» **YOUR GOAL**
Copy all data exactly. Skip pictures.

» **GIVEN DATA**
Start of Block
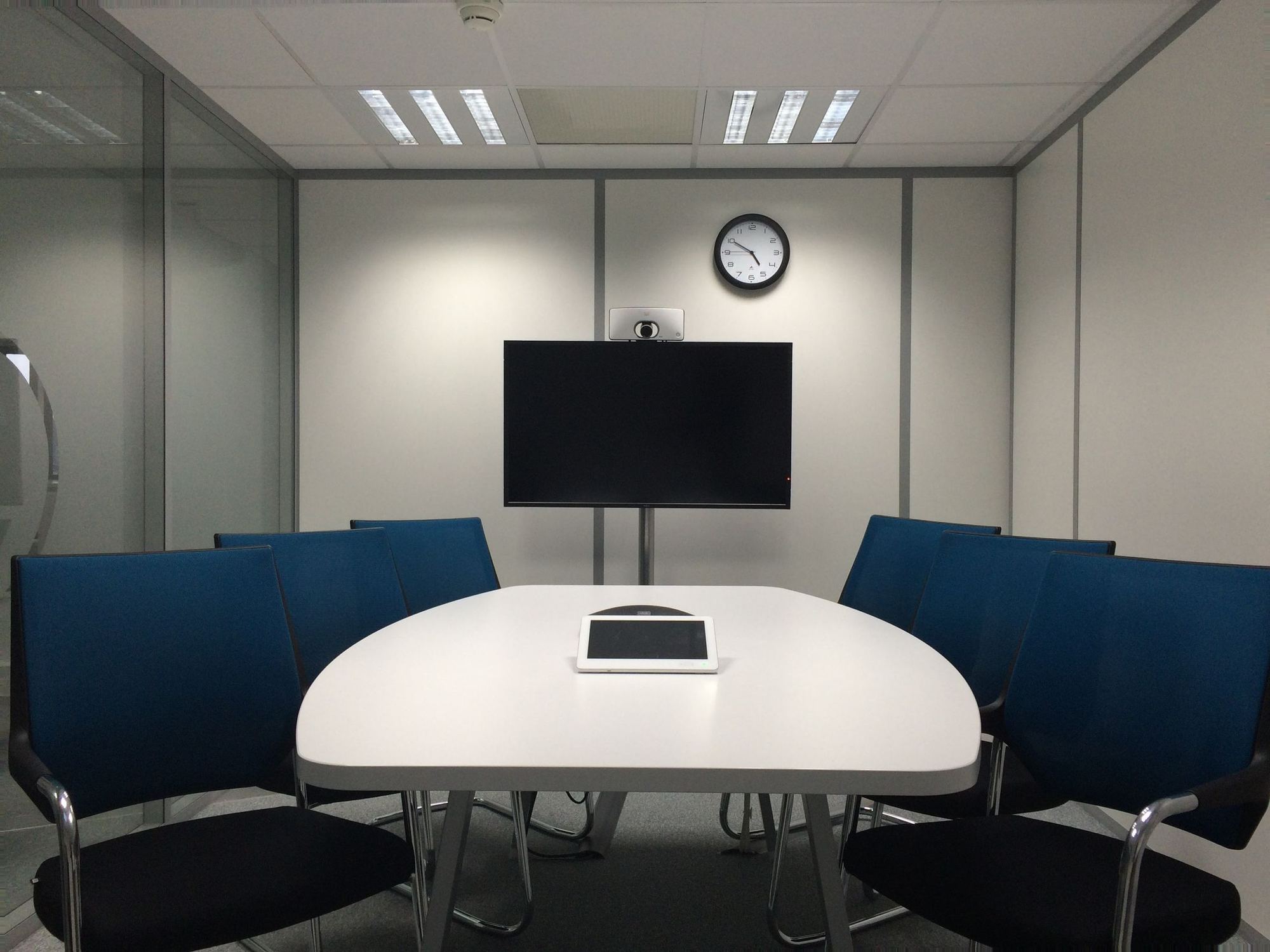 A meeting room with a conference table and a wall-mounted video conferencing screen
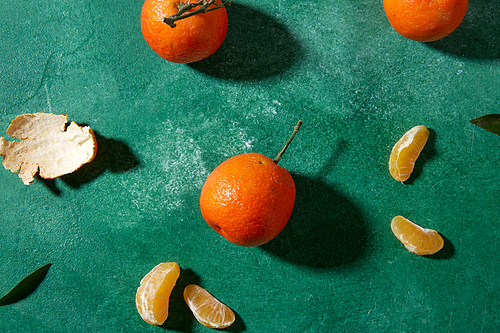 food, healthy eating and fruits concept - still life with mandarins on green background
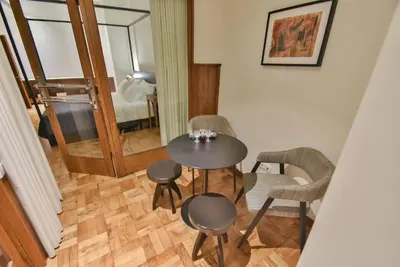 a table and chairs in a room with a bedroom at Republica 157 Guest House in Porto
End of Block
» **RESULT OF THE TASK**
 A meeting room with a conference table and a wall-mounted video conferencing screen
 food, healthy eating and fruits concept - still life with mandarins on green background
 a table and chairs in a room with a bedroom at Republica 157 Guest House in Porto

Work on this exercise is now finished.